Basically, I think Clang should continue to complain about all of these. The only way to shut it up should be the universal signal, "redundant parentheses around the condition."

    template<class T>
    concept Foo = requires {
        ((sizeof(T)==0));              // OK, I guess
        (requires { sizeof(T)==0; });  // OK, I guess
    };

The current diagnostics seem to be in a sour spot of moral hazard, where Clang seems to be TRYING to help the user-programmer, but actually ignores a lot of equally dangerous alternatives.

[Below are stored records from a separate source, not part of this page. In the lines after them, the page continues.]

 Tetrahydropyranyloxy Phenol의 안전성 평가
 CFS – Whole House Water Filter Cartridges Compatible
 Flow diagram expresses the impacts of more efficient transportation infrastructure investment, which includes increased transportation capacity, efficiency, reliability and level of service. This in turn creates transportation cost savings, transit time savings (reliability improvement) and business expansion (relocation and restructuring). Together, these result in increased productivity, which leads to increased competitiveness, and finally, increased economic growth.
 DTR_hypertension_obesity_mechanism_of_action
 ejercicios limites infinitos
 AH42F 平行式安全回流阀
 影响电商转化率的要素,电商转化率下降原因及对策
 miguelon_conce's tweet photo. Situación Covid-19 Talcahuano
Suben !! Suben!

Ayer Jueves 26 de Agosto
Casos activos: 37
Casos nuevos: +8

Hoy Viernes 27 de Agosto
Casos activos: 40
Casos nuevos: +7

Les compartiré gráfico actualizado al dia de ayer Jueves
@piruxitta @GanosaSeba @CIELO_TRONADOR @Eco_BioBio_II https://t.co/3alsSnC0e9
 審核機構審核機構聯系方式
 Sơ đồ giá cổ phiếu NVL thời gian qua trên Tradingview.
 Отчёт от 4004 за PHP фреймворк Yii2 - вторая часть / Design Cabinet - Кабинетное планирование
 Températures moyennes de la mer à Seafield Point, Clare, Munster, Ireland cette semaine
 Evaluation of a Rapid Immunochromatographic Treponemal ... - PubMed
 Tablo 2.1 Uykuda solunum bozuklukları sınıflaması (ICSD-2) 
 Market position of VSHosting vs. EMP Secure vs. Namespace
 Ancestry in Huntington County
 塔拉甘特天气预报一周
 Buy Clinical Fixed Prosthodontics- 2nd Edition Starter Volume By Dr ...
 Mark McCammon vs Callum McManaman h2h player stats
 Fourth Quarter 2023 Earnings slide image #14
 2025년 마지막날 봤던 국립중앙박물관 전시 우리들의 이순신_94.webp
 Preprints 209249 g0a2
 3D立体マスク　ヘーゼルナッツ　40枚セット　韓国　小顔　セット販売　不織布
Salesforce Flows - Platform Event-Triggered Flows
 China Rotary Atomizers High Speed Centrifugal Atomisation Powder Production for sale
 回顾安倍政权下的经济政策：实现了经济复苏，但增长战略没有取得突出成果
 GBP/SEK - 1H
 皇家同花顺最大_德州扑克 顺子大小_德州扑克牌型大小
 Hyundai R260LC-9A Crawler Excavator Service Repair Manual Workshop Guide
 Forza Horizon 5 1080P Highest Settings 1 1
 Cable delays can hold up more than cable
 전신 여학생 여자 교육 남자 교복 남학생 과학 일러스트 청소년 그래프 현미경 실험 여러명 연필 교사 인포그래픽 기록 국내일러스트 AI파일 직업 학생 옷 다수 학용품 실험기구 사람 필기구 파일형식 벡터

Is Clang clever enough to detect when the condition is guaranteed to be a constant-expression for any T? e.g. sizeof(T)==0 is a constant-expression regardless of T, because sizeof(T) is integral. When it's a constant expression, I think the likelihood is high that the programmer intended to test truthiness, not well-formedness.

Also notice that sizeof(T)==0 doesn't depend on any requires-expression-parameters; that's an obvious difference between it and e.g. requires(T t) { sizeof(T)==t; } (which arguably is clear enough in its intent to test well-formedness instead of truthiness).